Removing a Small Hill is a Not-So-Small Project
When we moved into our recently remodeled rambler a little more than two years ago I thought, “No more projects!”
When we moved into our recently remodeled rambler a little more than two years ago I thought, “No more projects!” In our previous home we had replaced flooring, trim, light fixtures and painted every square inch of the place, and I was excited at the thought of fewer weekend projects that ran for weeks on end.
After our two-year honeymoon with the new home we needed something to fill the project-less void, and the dead space with a superfluous hill felt like the exact right project. We grew tired of our two shepherd-mix pups running through (they know they’re not supposed to) and spattering mulch around the yard like unwelcome confetti.
Thus, a plan was hatched. We were expecting nice, albeit unseasonably warm, May weather so we invited my parents down to the cities to help remove the hill, transplant the beautiful magnolia tree twenty feet to the north, and then my husband and I would build five raised cedar beds for gardening. Too easy, right?
What I learned from the experience:
- Hills are deceptive, especially when they’ve been compacted.
- Trees are flipping heavy and the holes they need for transplanting are huge.
- My parents should be canonized. They were troopers for joining us in this endeavor, never complained, and only enjoyed one celebratory beer at the end of the day before making the hour drive home.

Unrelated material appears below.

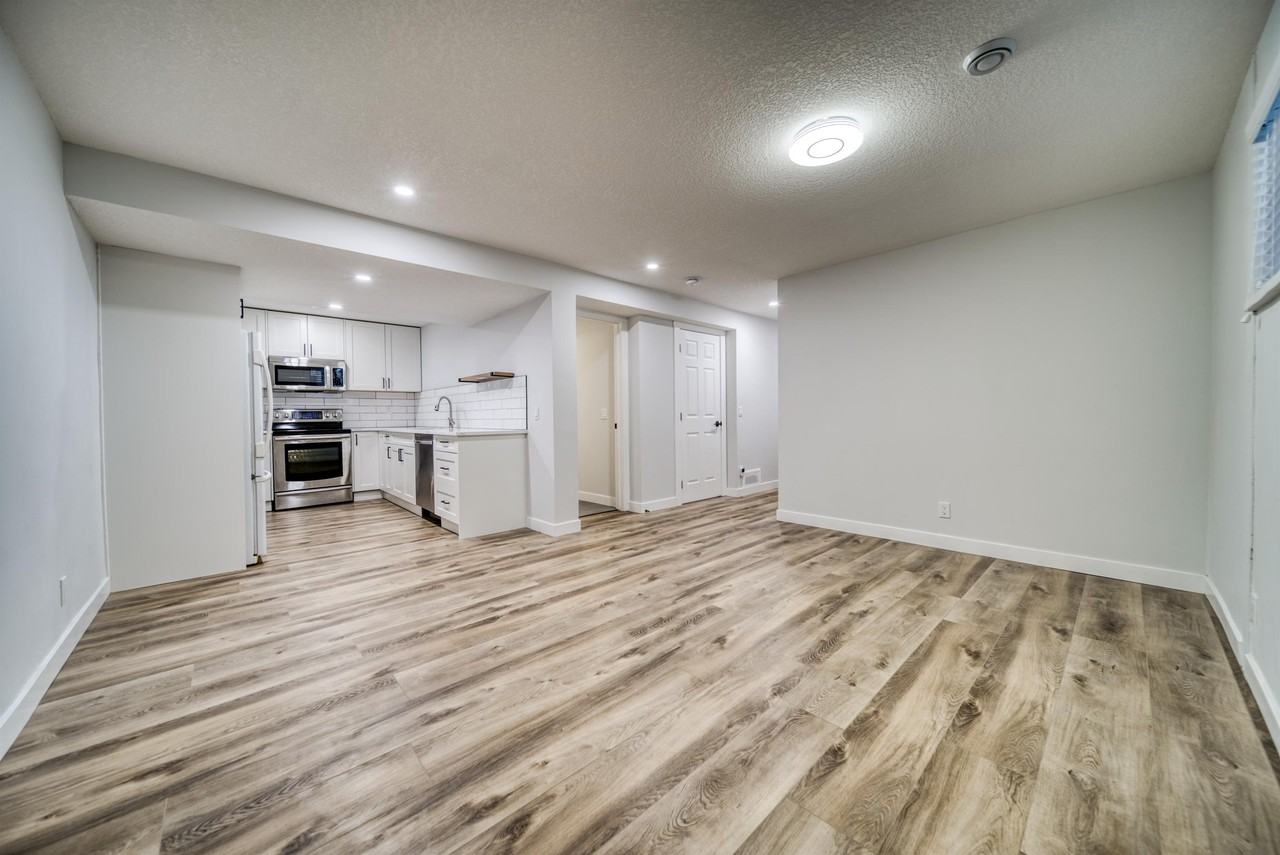 5808 Dalridge Hill NW, Calgary - Photo 5 of 15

- Never depend on a Minnesota weather forecast. Our dry forecast and plan to slowly build the planter boxes throughout several days turned into a sprint when storms pushed further north and we had to have enough done in 24 hours to cover the dirt piles so as not to lose them.
We still have to install pavers between the planter boxes, which has been neglected due to the enjoyment of maintaining and harvesting our garden, but overall, we are thrilled with the outcome. The dead space in our yard is now a productive garden that is away from our pets and the pesky neighborhood rabbit infestation. One last lesson learned: keep the vining plants in the ground or they will take over everything.